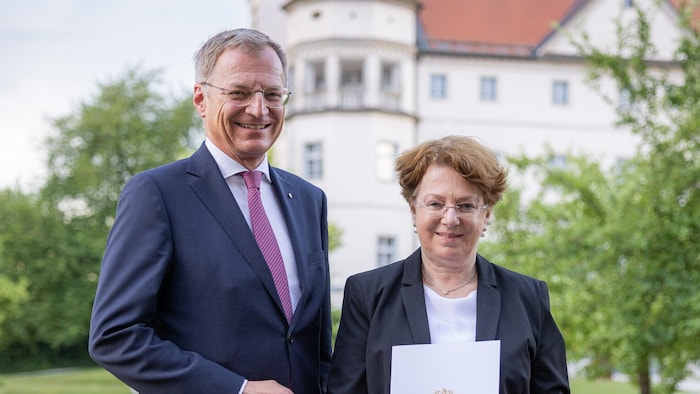 Landeshauptmann Thomas Stelzer, Brigitte Kepplinger, Historikerin, die wesentlich die Entstehung ...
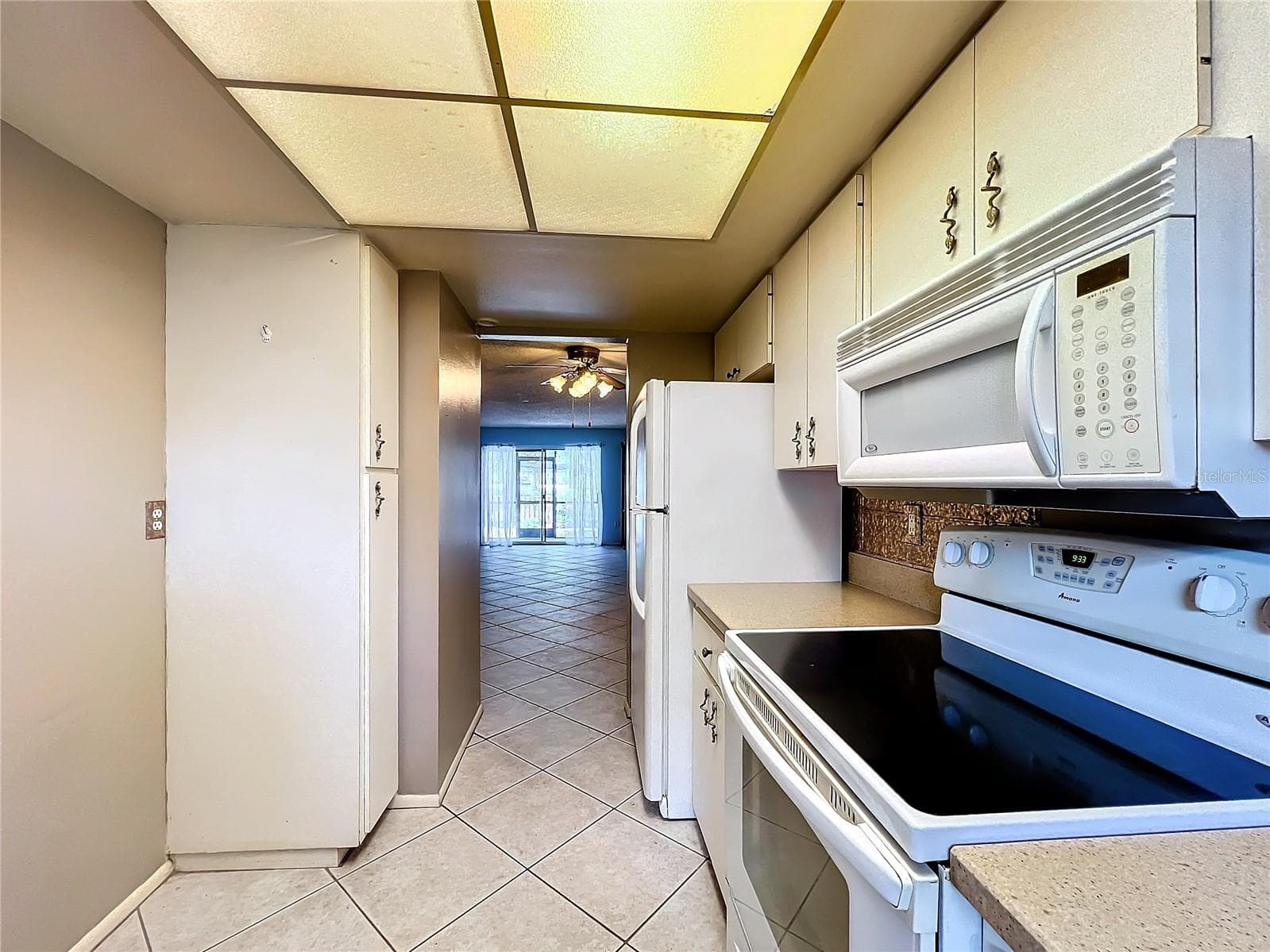 Kitchen - 509 PARKDALE MEWS #509, VENICE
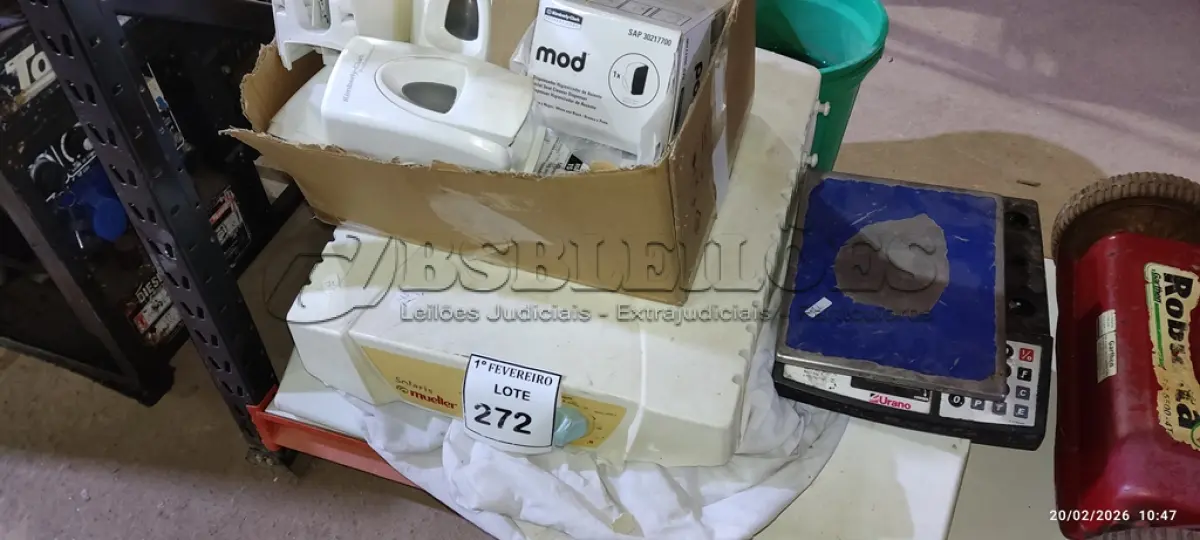 LOTE 272 - 01 BALANÇA MARCA URANO, 01 DEPURADOR DE AR, 01 MÁQUINA DE LAVAR ROUPAS COMPACTO E VÁRIOS DISPENSES DE ÁLCOOL EM GEL. (NO ESTADO) ATENÇÃO! FAZER A VISITAÇÃO ANTES DE ARREMATAR, NÃO SABEMOS SE FUNCIONA, LEILÃO NÃO TEM GARANTIA E NEM DEVOLUÇÃO, SUJEITO A POSSÍVEIS AVARIAS VISÍVEIS/OCULTAS E/OU AUSÊNCIA DE COMPONENTES.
....
### Task item
What the answer must hold is the exact text of every line from the one containing "Kitchen - 509 PARKDALE MEWS #509, VENICE" through the end of the data, minus any pictures.

### Result of the task
 Kitchen - 509 PARKDALE MEWS #509, VENICE
 LOTE 272 - 01 BALANÇA MARCA URANO, 01 DEPURADOR DE AR, 01 MÁQUINA DE LAVAR ROUPAS COMPACTO E VÁRIOS DISPENSES DE ÁLCOOL EM GEL. (NO ESTADO) ATENÇÃO! FAZER A VISITAÇÃO ANTES DE ARREMATAR, NÃO SABEMOS SE FUNCIONA, LEILÃO NÃO TEM GARANTIA E NEM DEVOLUÇÃO, SUJEITO A POSSÍVEIS AVARIAS VISÍVEIS/OCULTAS E/OU AUSÊNCIA DE COMPONENTES.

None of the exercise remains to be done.